P.S  Since it's for valentines, why don't you dish the cooked pie filling into single portion oven dishes and then top with pastry and bake? It will improve the presentation without much extra work.  Also remember that pastry shrinks when baking so overlap the pastry a bit to make sure you don't end up with pastry that is smaller than the pies.
Also make a small hole in the middle to allow steam to escape when baking.


----------



## Kylie1969 (Feb 14, 2013)

I love the sound of this 



Snip 13 said:


> I'm not a baker but my family love my beef and onion pie.
> 
> It's easy and pretty much idiot poof lol!
> 
> ...


----------



## Snip 13 (Feb 14, 2013)

Thank you Kylie


----------



## Rubyydd (Feb 14, 2013)

I did make separate portions  I ended up improvising & it turned into a pepper steak & onion pie  
It was soo yummy! Definitely a hit


----------



## Snip 13 (Feb 15, 2013)

Rubyydd said:


> I did make separate portions  I ended up improvising & it turned into a pepper steak & onion pie
> It was soo yummy! Definitely a hit


 
Thank you  I'm so glad you were pleased with it! What did you change?  I might try it myself, I like variety.


----------



## letscook (Feb 15, 2013)

This is with pork, it is delious 

Michael Symon's Pork Pie


----------



## Kylie1969 (Apr 12, 2013)

letscook said:


> This is with pork, it is delious
> 
> Michael Symon's Pork Pie



That recipe looks nice


----------



## TooTall (Apr 18, 2013)

Rubyydd said:


> Thank you  I bought the pastry, I didn't want to risk messing up my valentines day dinner! Haha.
> 
> I read somewhere that you can incorporate cheese into the pastry by, a base layer of pastry, a layer of cheese then the filling & a top layer of pastry.. Do you think that would make it taste/ feel as if there were too much pastry?
> 
> Wow I said pastry a lot of times!



Hey

Awesome idea!
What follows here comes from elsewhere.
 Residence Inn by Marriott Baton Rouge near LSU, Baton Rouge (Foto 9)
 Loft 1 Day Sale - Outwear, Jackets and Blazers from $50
Buy puff pastry, make a thin layer of Parmesan (pecorino, manchego etc) and fold it over and roll it out again. No stress. Parmesan pastry topped pie! You could do the same thing with rosemary in a lamb pie, blue cheese with chicken and leek... Sky's the limit! It'd definitely work and it's be really easy, just make sure you work quick and keep everything nice and cold and you'll be fine.


----------